O Governo angolano iniciou os preparativos para a participação na 9.ª edição da China International Import Expo (CIIE), que decorre em Novembro de 2026, em Xangai, numa aposta estratégica para promover produtos nacionais, diversificar exportações e consolidar as relações económicas entre Angola e a China, principal parceiro comercial de Luanda.
Angola está a preparar a participação na 9.ª edição da China International Import Expo (CIIE), que decorre de 5 a 10 de Novembro de 2026, em Xangai, numa iniciativa que o Executivo considera estratégica para reforçar a presença dos produtos nacionais no mercado chinês e aprofundar a cooperação económica entre os dois países.
Os preparativos foram analisados numa reunião técnica orientada pelo ministro da Indústria e Comércio, Rui Miguêns, e que reuniu representantes do Ministério da Indústria e Comércio (MINDCOM) e da Zona Económica Especial (ZEE) ligados à promoção do comércio e do investimento.

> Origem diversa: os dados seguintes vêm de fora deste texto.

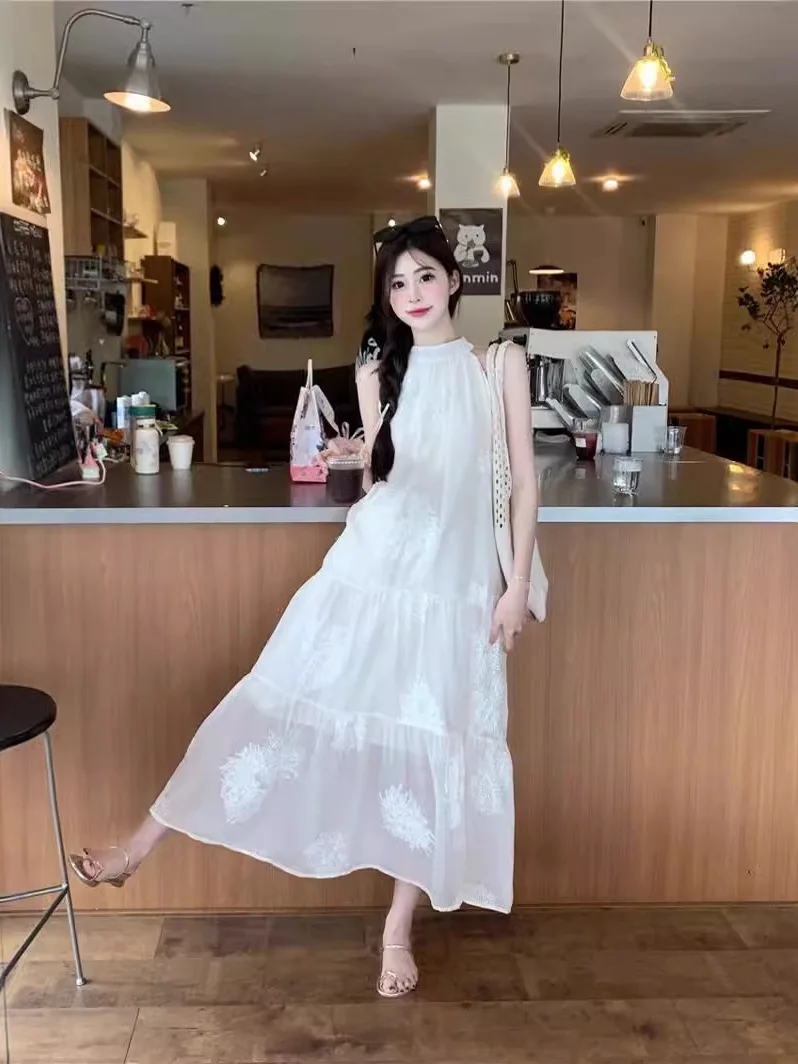 

Gentle and Exquisite Off the Shoulder Hanging Neck Dress for Women's Summer Temperament Princess Vacation Style Loose 9EHN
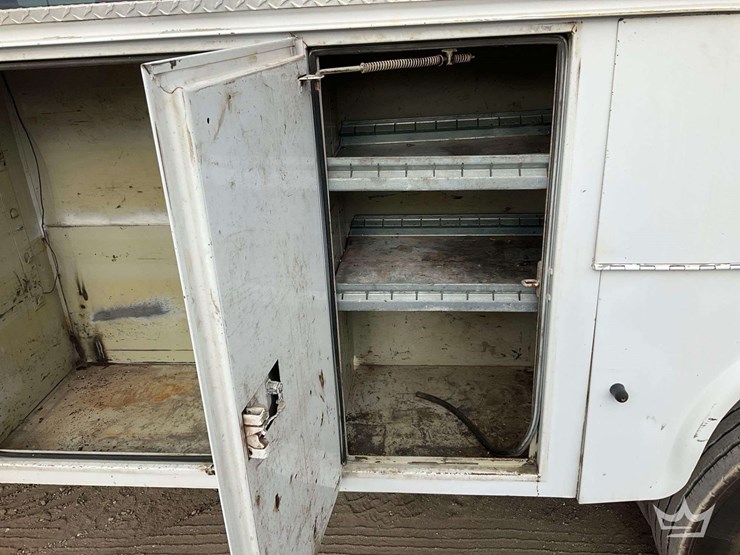 2006-ford-f550-image-39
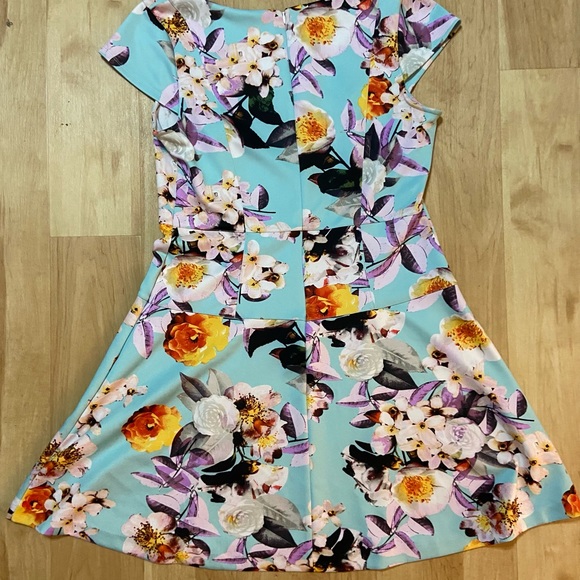 Worthington Floral Dress - Picture 3 of 4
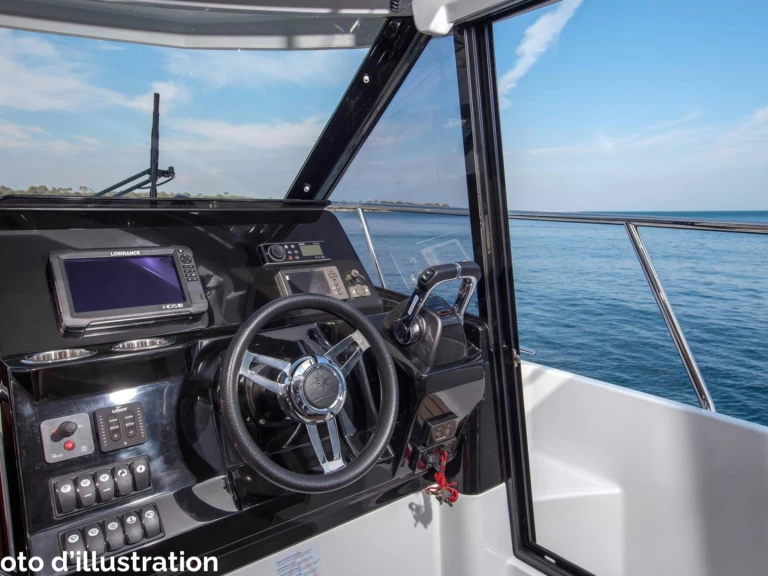 Charter a Jeanneau Merry Fisher 1095 Fly in Talmont-Saint-Hilaire on Samboat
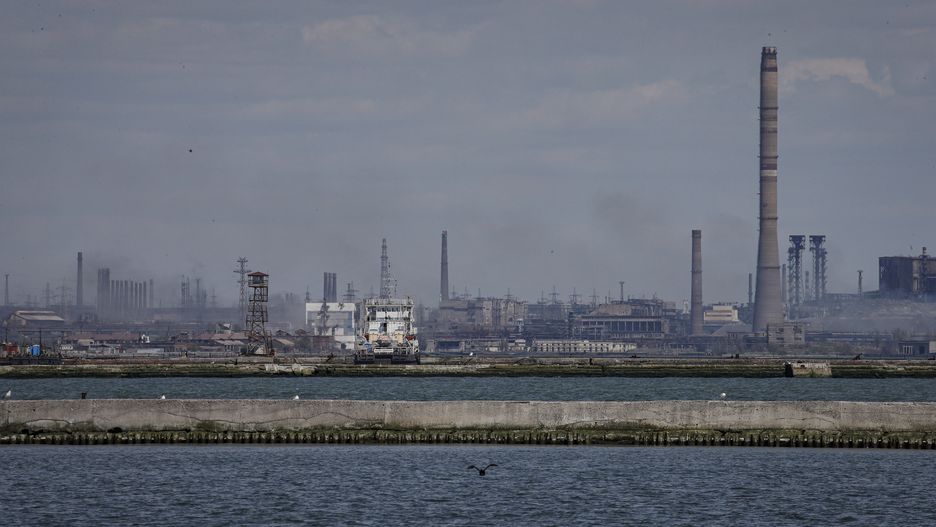 Grupa 40 cywilów opuściła zniszczony Mariupol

Durante o encontro, o presidente da Câmara de Comércio Angola-China (CAC), Luís Cupenala, apresentou o plano de participação angolana no certame, destacando a dimensão internacional da feira e o seu potencial para impulsionar as exportações africanas para a China.
Segundo Luís Cupenala, a China encara a CIIE como um evento de referência global, reunindo anualmente dezenas de países, entre os quais mais de 53 nações africanas, criando oportunidades para a entrada de produtos africanos num mercado com mais de 1,4 mil milhões de consumidores.
A participação angolana deverá centrar-se na promoção de produtos nacionais, captação de investimento estrangeiro e diversificação das exportações, num momento em que Luanda procura reduzir a dependência do petróleo e aumentar o peso de sectores como a agricultura, agro-indústria, pescas, minerais e transformação industrial.
Relações estratégicas
A China é actualmente o principal parceiro comercial de Angola e um dos maiores financiadores da reconstrução e modernização das infra-estruturas do país desde o fim da guerra civil, em 2002.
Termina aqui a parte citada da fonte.